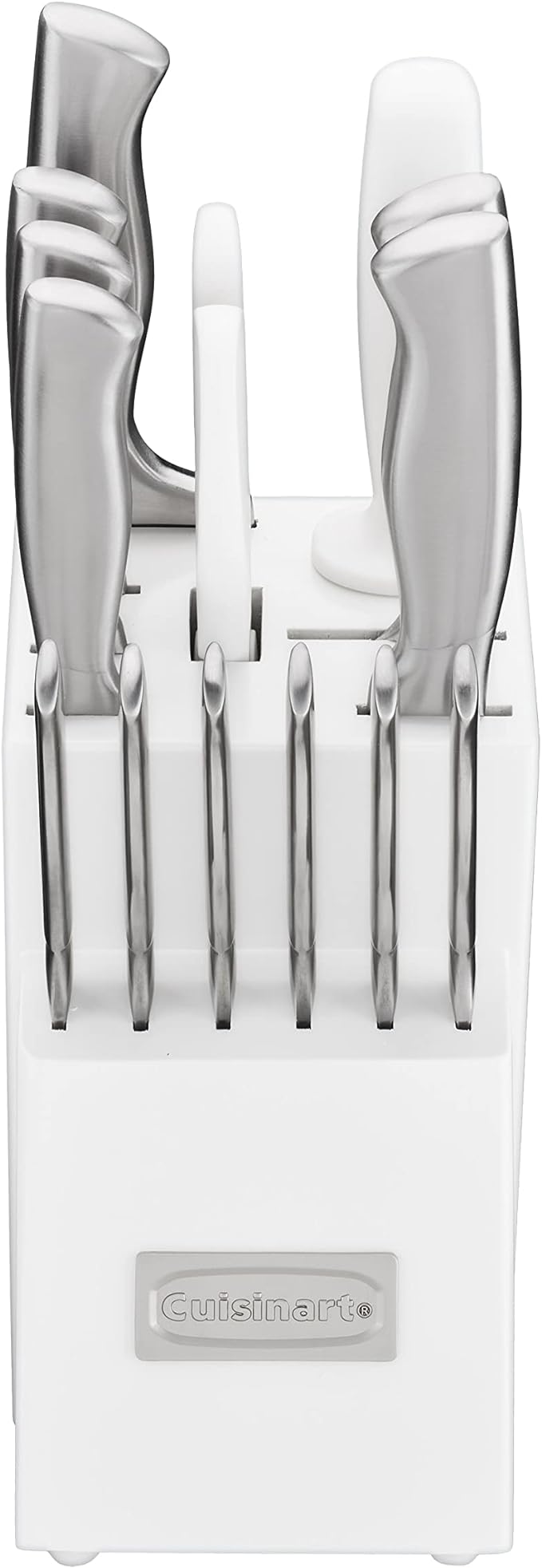 Cuisinart Professional Block Knife Set, Lightweight, Stainless Steel Durable & - Image 3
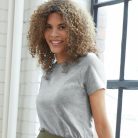 Gildan GIL4100 prémium kerek nyakú női póló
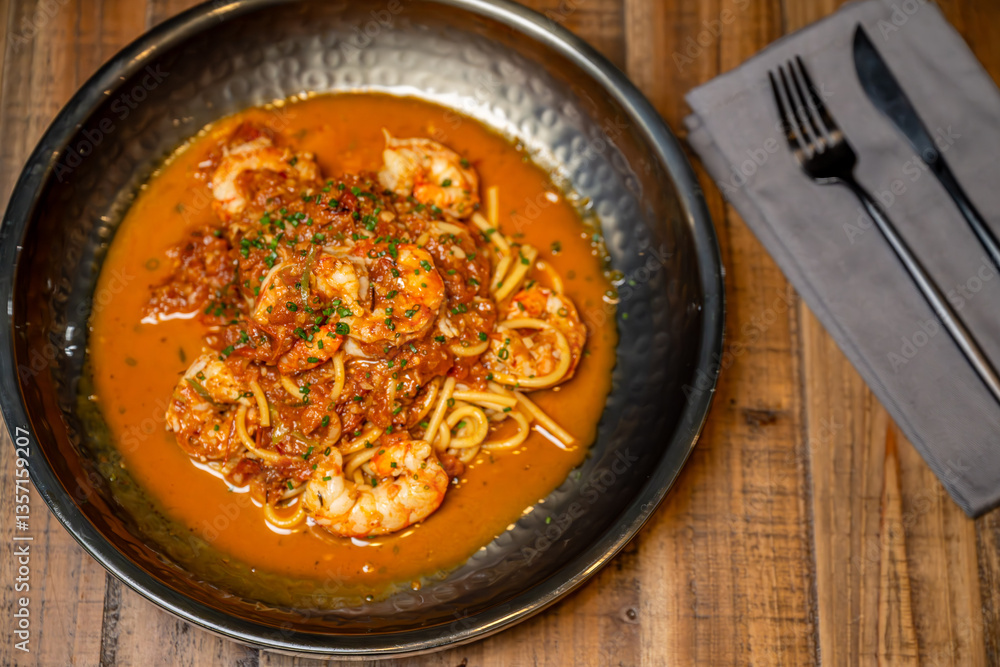shrimp scampi shrimp scampi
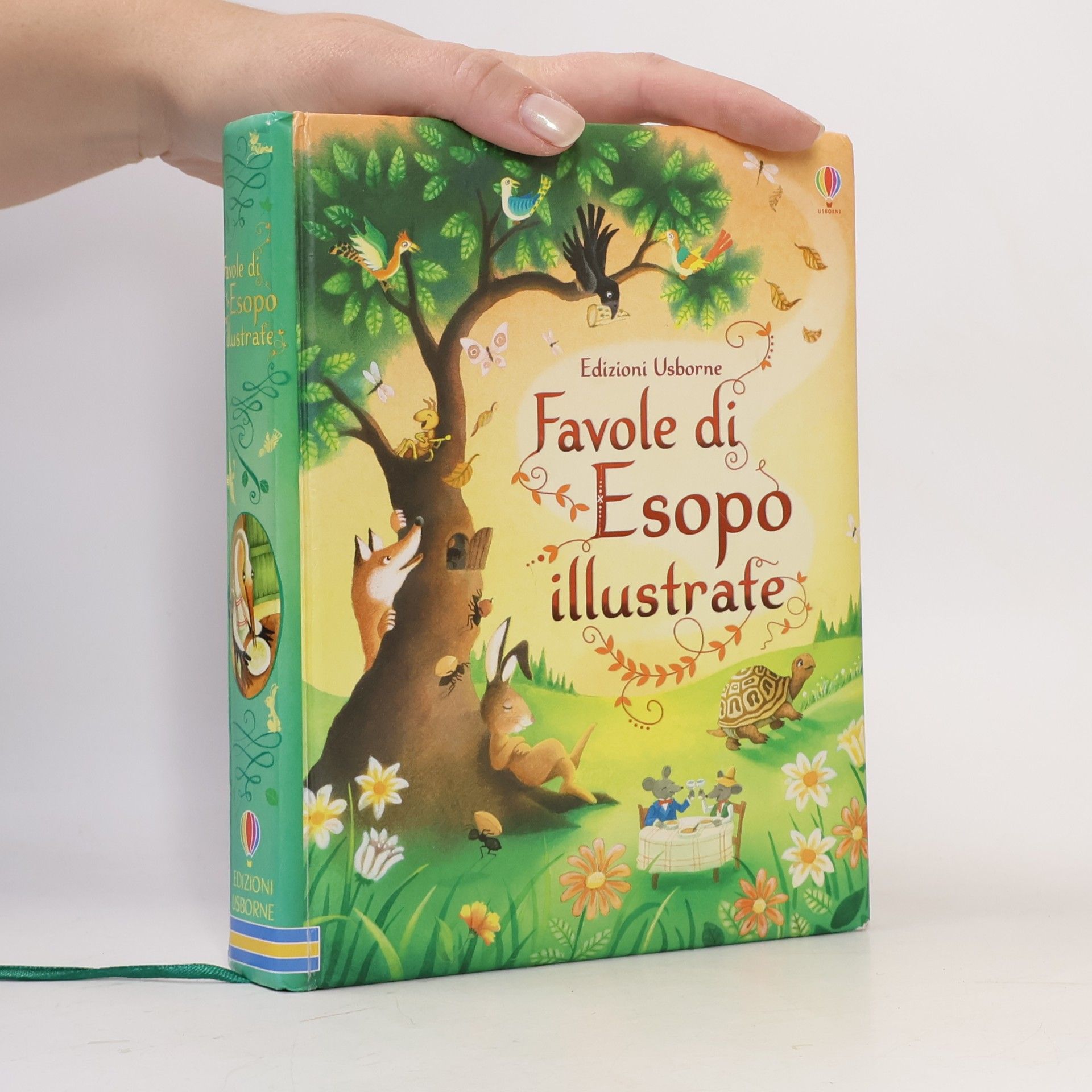 Favole di Esopo illustrate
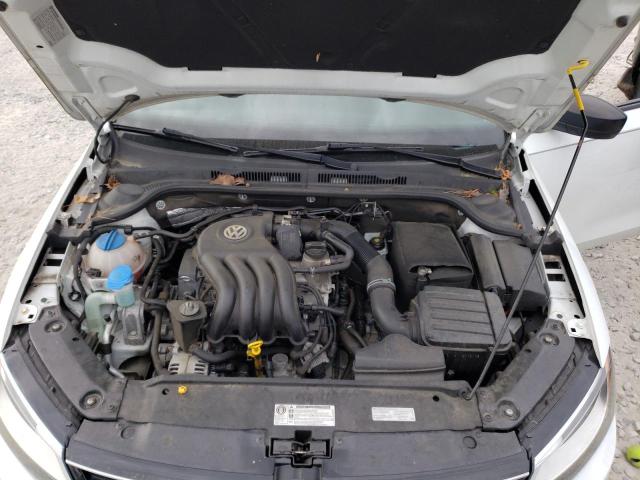 3VW2K7AJ4FM224118 - 2015 VOLKSWAGEN JETTA BASE WHITE photo 7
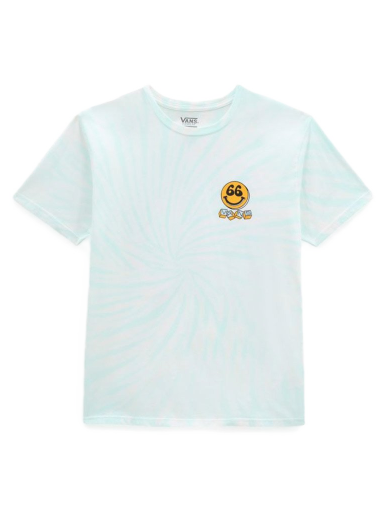 T-shirt Vans 66 Peace Tie Dye T-Shirt Turkos | VN0006C7BQC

* **PROBLEM TO SOLVE**
Please transcribe, with no additions, the lines starting at the one that contains "Favole di Esopo illustrate" and running through the last line of the entries, inclusive. Leave the pictures out.

* **OUTPUT OF THE TASK**
 Favole di Esopo illustrate
 3VW2K7AJ4FM224118 - 2015 VOLKSWAGEN JETTA BASE WHITE photo 7
 T-shirt Vans 66 Peace Tie Dye T-Shirt Turkos | VN0006C7BQC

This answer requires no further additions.